Described as “Glastonbury for nerds” by The Guardian, Web Summit is considered to be the must-attend tech event for the last few years. Rarely do you get the opportunity to have such a large number of influential individuals and companies gathered together in one place. Representing Peltarion, I had the opportunity to attend this year’s Web Summit in Lisbon together with the team at Business Sweden / Sweden Co-Lab - a cross-sectoral innovation and collaboration platform. Below, some thoughts from me from these high-paced and inspiring days.
The AI struggle is real: Thoughts from Web Summit 2019
I find myself sitting in one of the chill-out areas at Web Summit 2019, reflecting on my experience so far. The first thing that comes to mind is, this has got to be one of the best conferences I’ve ever attended.
The summit, taking place between the 4th-7th of November in the beautiful city of Lisbon, Portugal, is the biggest tech event in Europe, bringing together over 70,000 attendees from 170 countries. Web Summit gathers founders and CEOs of some of the most renowned technology companies, fast-growing startups, policymakers and heads of state to ask one simple question: Where to next?
As expected, many of the well-established tech giants are present, talking about all the incredible work they have and are planning to do. And there is nothing wrong with that. However, I’m more interested in hearing from the many buzzing startups, and in the last few days, I’ve spoken to many of all sizes. Web Summit has these categorized into three groups: Alpha, Beta and Growth.
Having worked for companies both small and large, I appreciate the grind of trying to convince someone that what you’ve got could be the next big thing.
Challenges companies face when pushing the limits of AI
I’m here for a couple of reasons; in fact, the obvious first one is to spread the word about the work we are doing at Peltarion in operationalizing AI. The second is to get insight into the challenges companies face when pushing the limits of AI, specifically deep learning. I’m curious to hear about what the pain points are when building and deploying deep learning models into production.
This is what I found out:
- Data preparation. Fairly quickly, it was obvious that the data preparation step is one of the main challenges in AI adoption. Almost every company I speak to begins by mentioning the dreaded data preparation. “Data preparation is the biggest nightmare and hurdle. A majority of our time is spent annotating a vast amount of data,” mentioned Lorenzo De Matteri, Co-Founder and CTO of Aptus.AI. The biggest challenge and opportunity we currently face is simplifying data preparation. At the moment, it tends to be quite a lengthy process of 1) sourcing a quality dataset and 2) processing this vast amount of data, which usually involves tedious coding. There are no doubt some alternative solutions on the market to make this process a little easier but it will always require a touch of manual feature engineering.

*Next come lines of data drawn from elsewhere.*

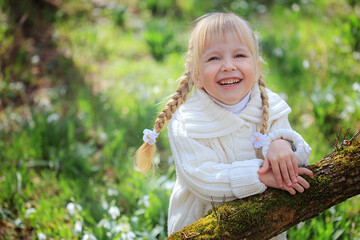 Cheerful little girl on a walk in the woods. Portrait of a girl among snowdrops. Bright sunny Easter day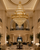 Liliana Large Grand Hotel Gold Crystal Chandelier in Luxury Hotel Lobby
A breathtaking luxury hotel lobby interior showcasing the Liliana Large Grand Hotel Gold Crystal Chandelier suspended dramatically within a double-height reception space. The grand scale, ornate gold detailing and cascading crystal tiers create a powerful focal point, perfectly suited to prestigious hospitality interiors.
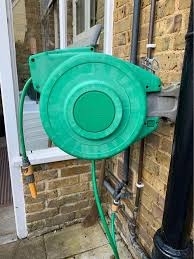 Comparing An Automatic Garden Hose Reel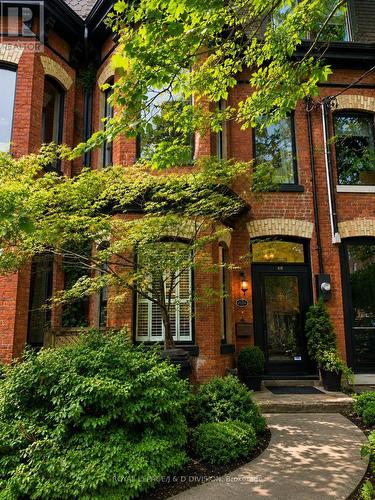 Striking red brick Victorian w/ polychrome facade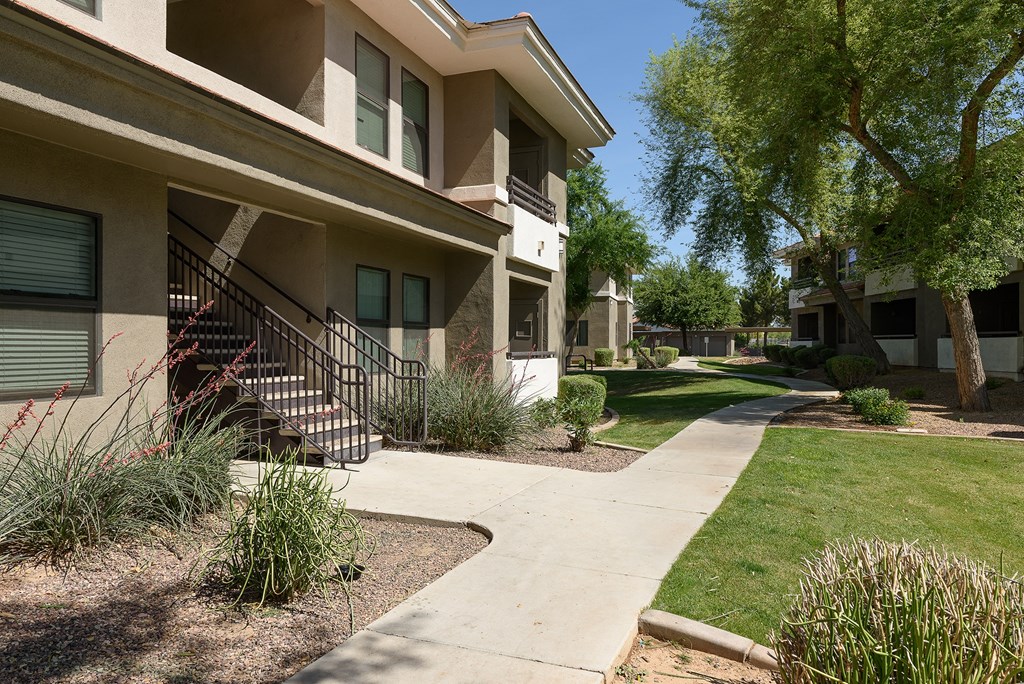 a walkway in front of an apartment building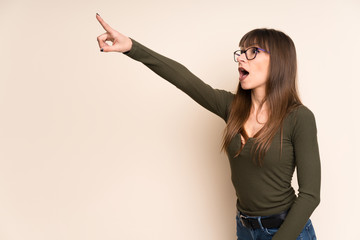 Young woman on ocher background pointing away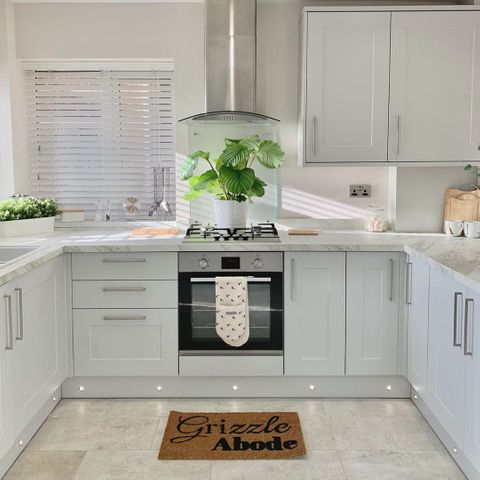White wooden blinds in white kitchen with large plant and DIY doormat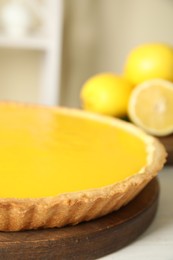 Photo of Delicious homemade lemon pie on white wooden table, closeup
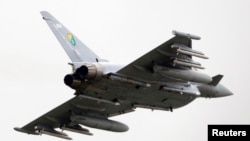 FILE - A British Eurofighter EF-2000 Typhoon takes off from Gioia del Colle NATO airbase in southern Italy.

- Model building. Following data preparation comes the incredibly complex and critical phase of building a model. A common practice to achieve this is to dive into the depths of Tensorflow. Typically a reasonably advanced model would require a sufficiently technical mind to orchestrate several thousand lines of code, hence requiring much time, resources and collaboration. This was the exact impression given by Alex Radovichenko, Co-Founder of Raccoon.World, when he told me, “It took us about eight months to create our initial model in addition to four months of fine-tuning.”
- Deployment. Finally, comes the challenges of deployment. Even if a data science team develops a model that works, it will need redevelopment and adjustment to work in a live production environment. Moving from an initial prototype into production can create a significant amount of work and investment in the infrastructure. The code needed to support the systems can be referred to as “plumbing” and may be significantly larger than the core code itself. The process then involves the data scientists handing over the prototype project to the central IT organization to re-implement in a way that fits the requirements of the production environment. As you’d expect, this introduces new efforts, as the data and the model need to fit into the more complex live production environment.
So is it all doomed to fail?
Productivity improvements will come when you free up both the data scientist and teams to focus on high-value activities, like modeling. The overall message I’m trying to get across is, it is paramount to effectively utilize the time of the data science team where it matters most.